Ce
terme d'organisme nous renvoie à notre organisme, ce qui est organisé. Mais
surtout à l'organe qui est vivant. C'est bien de cela que je voudrais parler.
Aujourd'hui,
la monoculture ou la spécialisation en matière d'élevage nous éloigne de la
ferme d'autrefois où tous les animaux "classiques" se côtoyaient.
On
se souvient de "Veau, vache, cochon, couvée" de Perrette et son pot au
lait. L'idée même de développement se faisait à travers la diversité des
espèces en osmose sur le territoire de la ferme.
Cela
relève désormais d'un choix, d'un engagement vis-à-vis de l'idée même que l'on
a de sa ferme. Aucun système n'est parfait et il n'est pas dans mon intention
de jeter la pierre à qui que ce soit. La réalité du moment que l'on appelle
également économique n'est pas une donnée à prendre à la légère. Dont acte.
Pour
ceux qui aiment la diversité et qui pensent qu'une ferme doit s'approcher au
plus près d'un organisme en équilibre, il convient de proposer quelques images
parlantes. Non pas par passéisme, mais plutôt pour redonner à chaque animal sa
place dans la cour de la ferme.
Il
serait aisé de recourir à nos souvenirs d'enfance, et ce serait un bon début.
Les
canards et autres oies, près de la marre où s'abreuvent les ruminants qui rentrent
le soir pour la traite, le poulailler bien hermétique qui protège les poules
après une journée à gratter la terre aux alentours de la ferme, les cochons qui
labourent consciencieusement le jardin de l'année prochaine, etc. Les exemples
ne manquent pas.
Ce
qui manque parfois aujourd'hui, même dans ces lieux qui essayent de redonner
vie à cette continuité animale c'est le sens que l'on donne à la présence de
tous ces animaux.
L'interaction
entre divers éléments constitutifs d'un tout n'est plus à démontrer, comme le
fait qu'un tout est supérieur à la somme de ses constituants.
Ça, c'est
la donnée quantitative, mais aussi qualitative. La qualité de l'ensemble réside
dans l'interaction des éléments entre eux.
Chacun
agit à son niveau, dans sa spécificité puisque c'est la particularité du monde
animal.
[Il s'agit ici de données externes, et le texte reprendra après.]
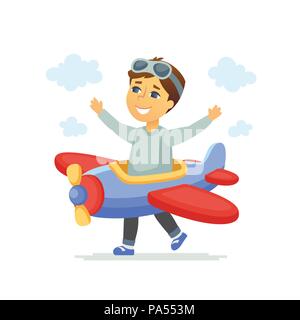 Boy in a pilot costume - cartoon people characters illustration Stock Vector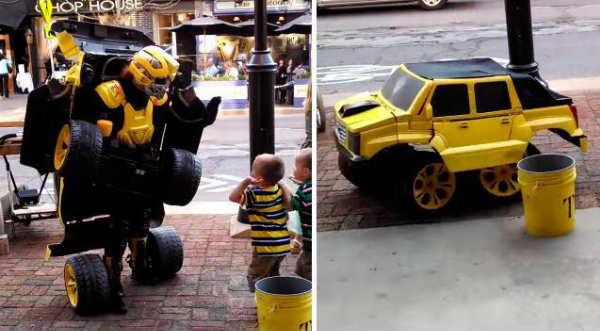 Video:  ¡Increíble! Hombre se disfraza de un ‘autobot’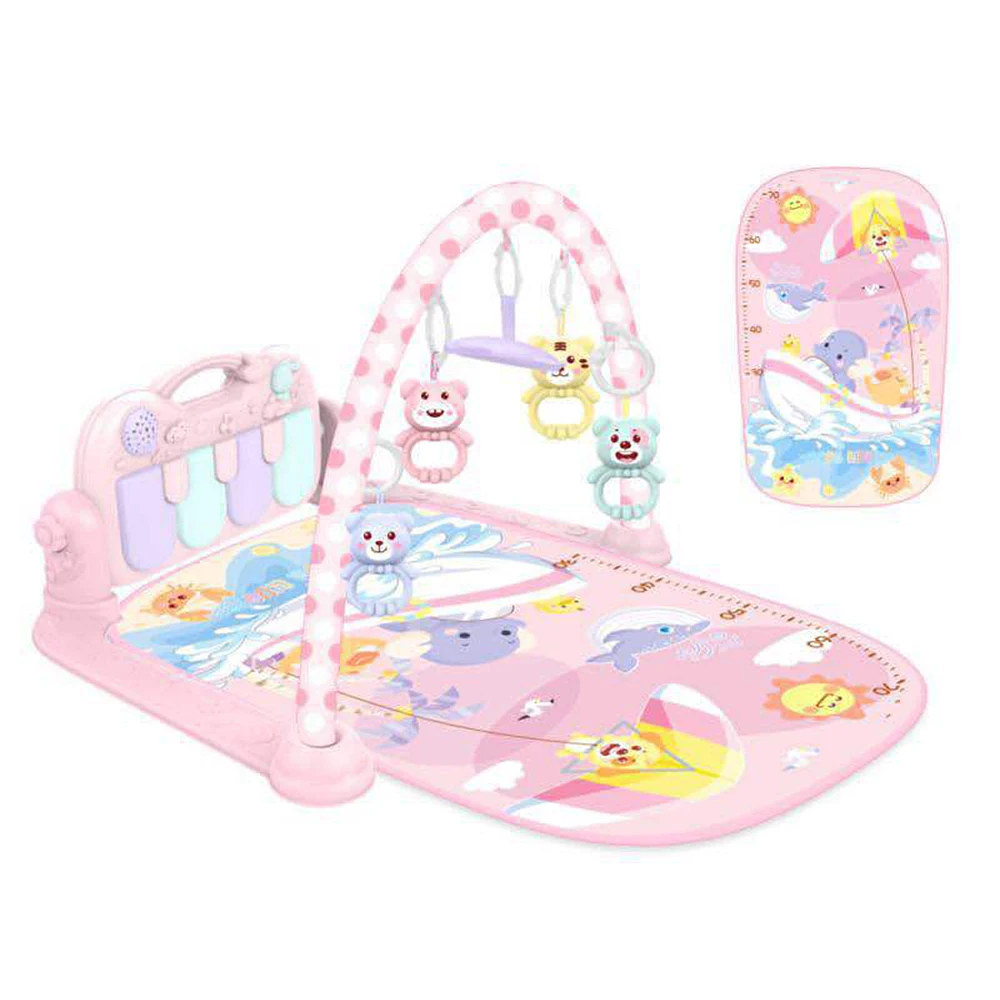 Pink Детская стойка для нот, игровой коврик, Детский ковер-головоломка, коврик для пианино, клавиатура для детей, развивающая, для раннего образования, для тренажерного зала, для ползания, игровой коврик, игрушка - Цвет: Pink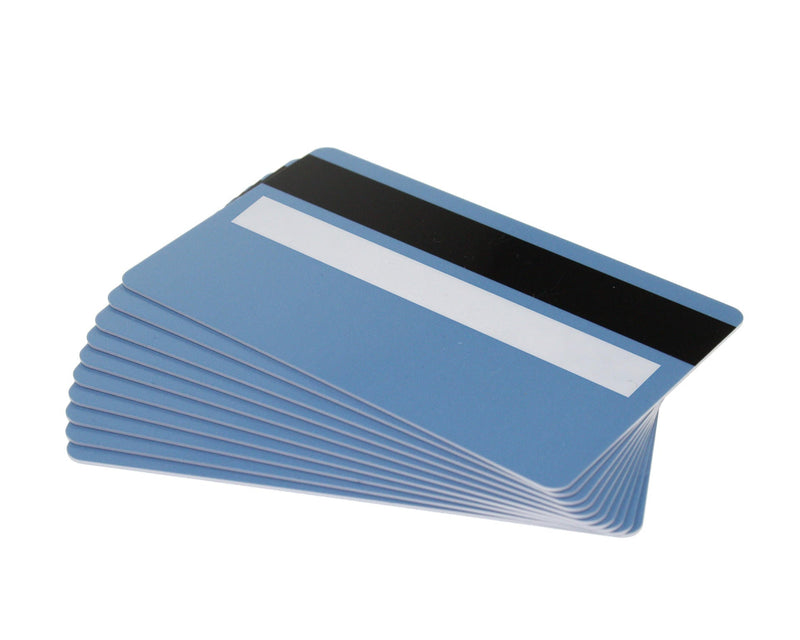 Light Blue Plastic Cards with Hi-Co Magnetic Stripe & Signature Strip (Pack of 500)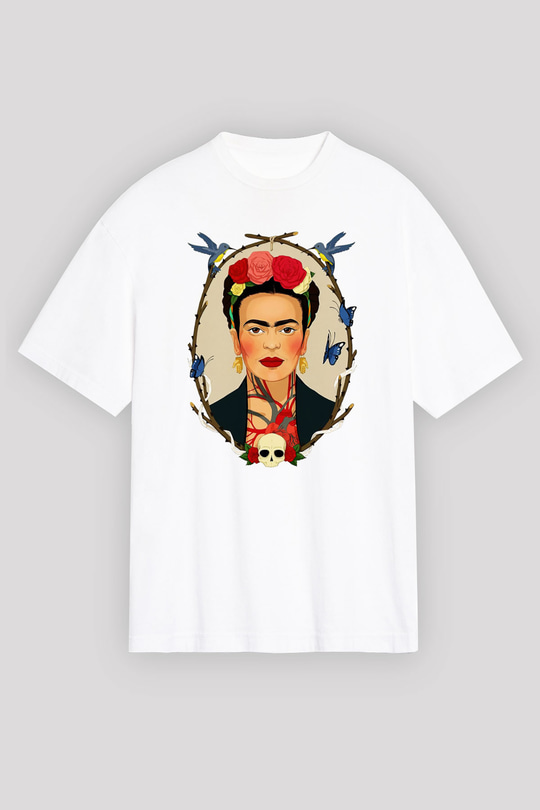 Frida Kahlo Beyaz Unisex Oversize Tişört T-Shirt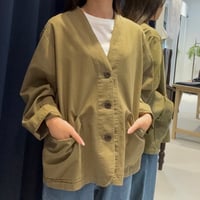 vent blanc | コットンレーヨンツイルノーカラージャケット  | 【Khaki】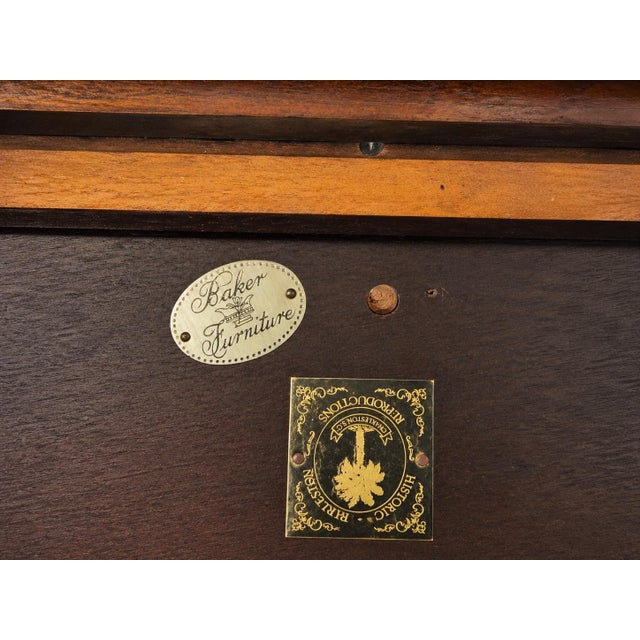 Mid 20th Century Mid 20th Century Baker Furniture Georgian-Style Inlaid Mahogany Double Pedestal Extension Dining Table With Leaf For Sale - Image 5 of 5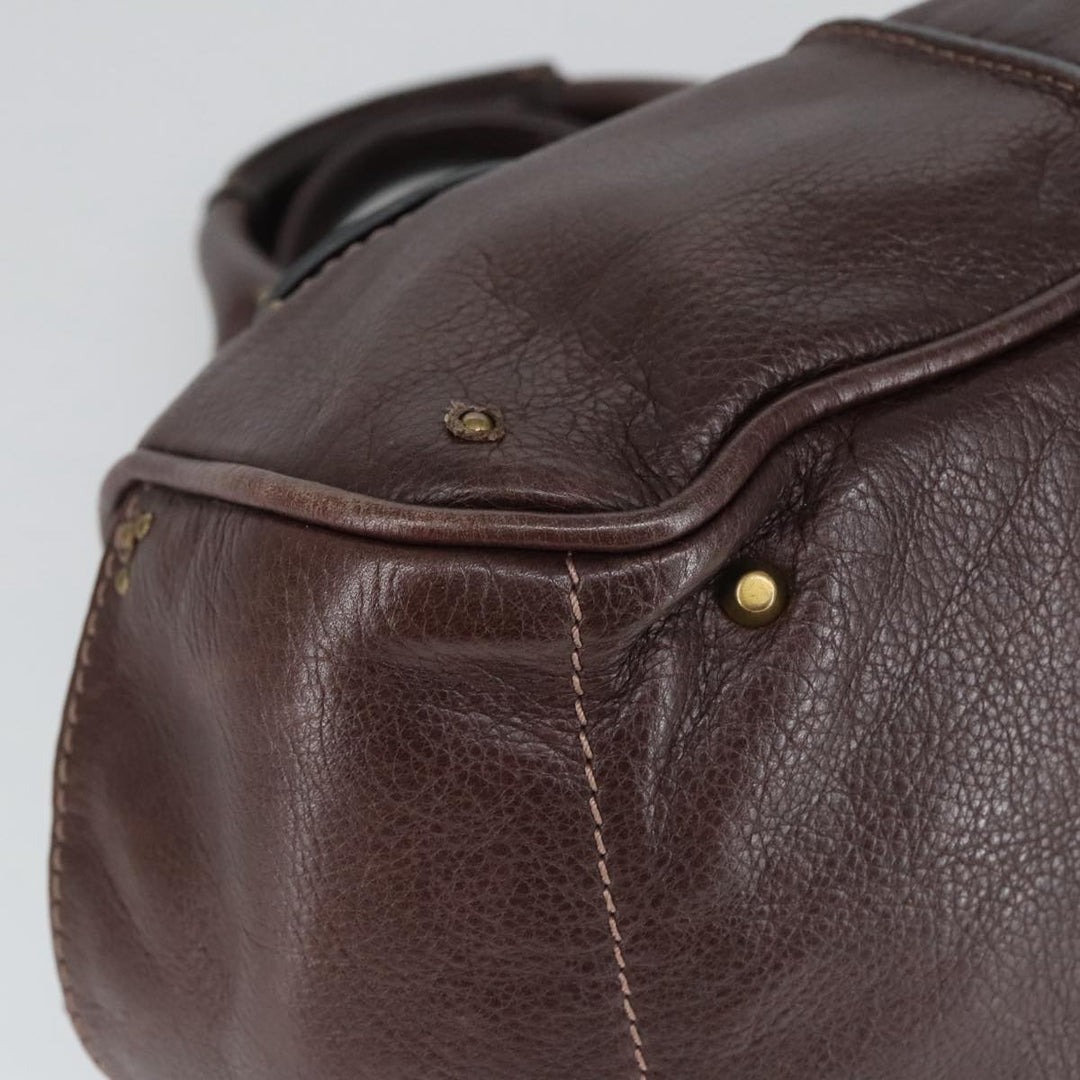 Chloe Paddington Hand Bag Leather Brown Gold Silver am7160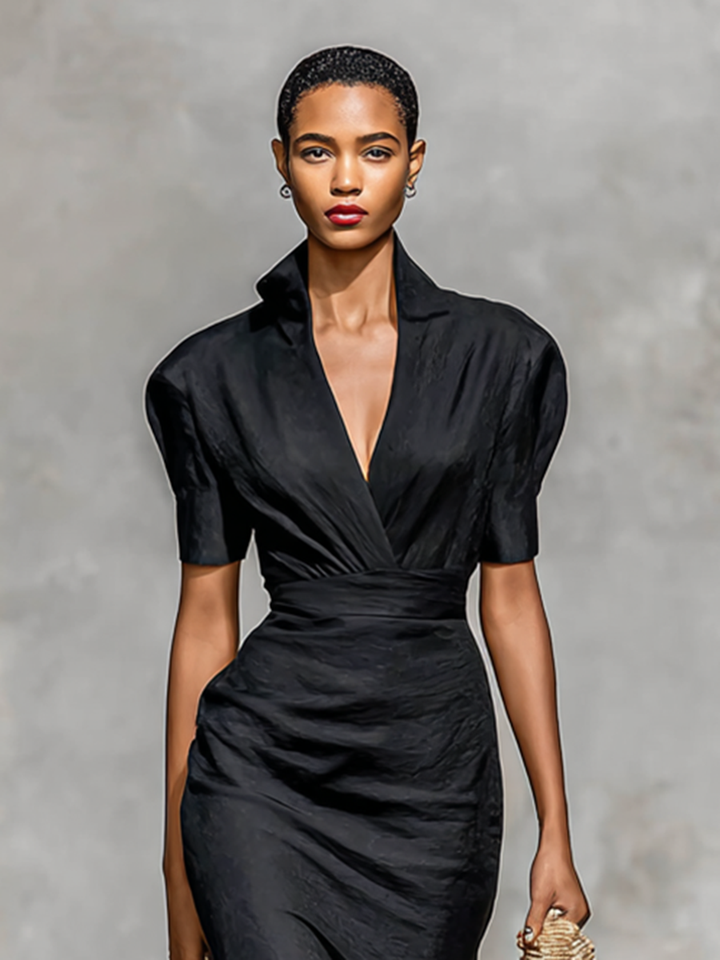 Women’s Solid Color Midi Dress with V-Neck and Short Sleeves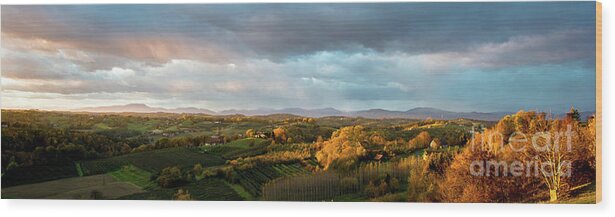 Landscape Wood Print featuring the photograph Scenic Autumnal Landscape at Sunset in Austria by Andreas Berthold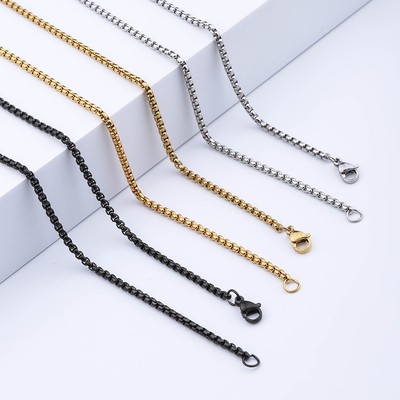10pcs Lot Thin 2.5mm / 2mm Rolo Chain Necklace Link Stainless Steel Jewelry 24''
Il est "sur-adapté" pour une tâche, mais parfois très
"mauvais" pour une autre.
Donnons-lui
alors la possibilité de s'exprimer totalement.
La
volaille, par exemple. La poule nous donne des œufs, des poulets, des plumes
pour nos édredons et sa carcasse pour une poule au pot du dimanche.
Abnégation
de l'animal au service de l'humanité et surtout de son développement. (N'en
déplaise aux sans viande).
Mais
la poule gratte la terre. Ce qui peut être destructeur au jardin, mais elle
ameublit le sol, donc il nous faut du doigté !
Elle
gratte, retourne, bine à sa manière l'espace de la ferme. Elle affectionne les
lieux où le grain a été déchargé, battu, transporté…elle transformera nos
restes alimentaires (on réintroduit des poules en ville pour réduire nos
poubelles !), elle fouille le crottin, le retourne, le dynamise, etc.
Bref,
elle est utile à la vie, au nettoyage de l'espace.
Mais
elle a également un rôle invisible. Elle dynamise l'espace par sa présence et
son déplacement, elle fait partit des oiseaux et c'est leur tâche que de faire
vibrer l'astral dans notre environnement.
Cela
peut paraitre anodin, mais c'est loin de l'être.
Qu'est-ce
qui donne de la vie, de la lumière, de la chaleur à notre espace ? Comment tout
cela se met-il en route et comment ces différents éléments se trouvent-ils à
être répartis dans l'ensemble de cet "organisme agricole" auquel j'ai
fait référence au début de cet article ?
C'est
bien la collaboration des éléments et des animaux qui vivent sur la ferme qui
permet cet échange, cette osmose et l'équilibre général souhaitable.
Enfermez
vos poules toute la journée dans un espace confiné, sécurisé certes, et vous
passerez à côté d'une richesse qui ne coûte rien, mais qui peut grandement
améliorer votre environnement.
Les
moutons passaient la tondeuse sur nos talus, les chèvres et les ânes débroussaillaient
les chemins sans dépense de gas-oil ni de pollution, les canards régulaient les
limaces au jardin et les poules les chenilles.
Les
uns finissaient de brouter dans les coins, ou ce que laissait le cheval ou les
vaches, tout le monde y trouvait son compte pour la plus grande joie et le bénéfice
du paysan.
Le
berger ou la bergère remplaçait le fil de fer barbelé… le tracteur n'était
qu'un faible "Pony" de 1954 avec un moteur Simca de 16 cv qui
équipait les Arondes, et pourtant c'était déjà le déclin annoncé de la traction
animale qui allait reléguer le cheval, cet ami de l'homme, au rang d'animal de
loisir, mais c'est une autre histoire.
Pas
de passéisme ! Juste une idée à méditer de ce que nous avons fait du monde de
la ferme. Et dire que la permaculture voudrait nous faire revivre tout cela.
Passé ou avenir ?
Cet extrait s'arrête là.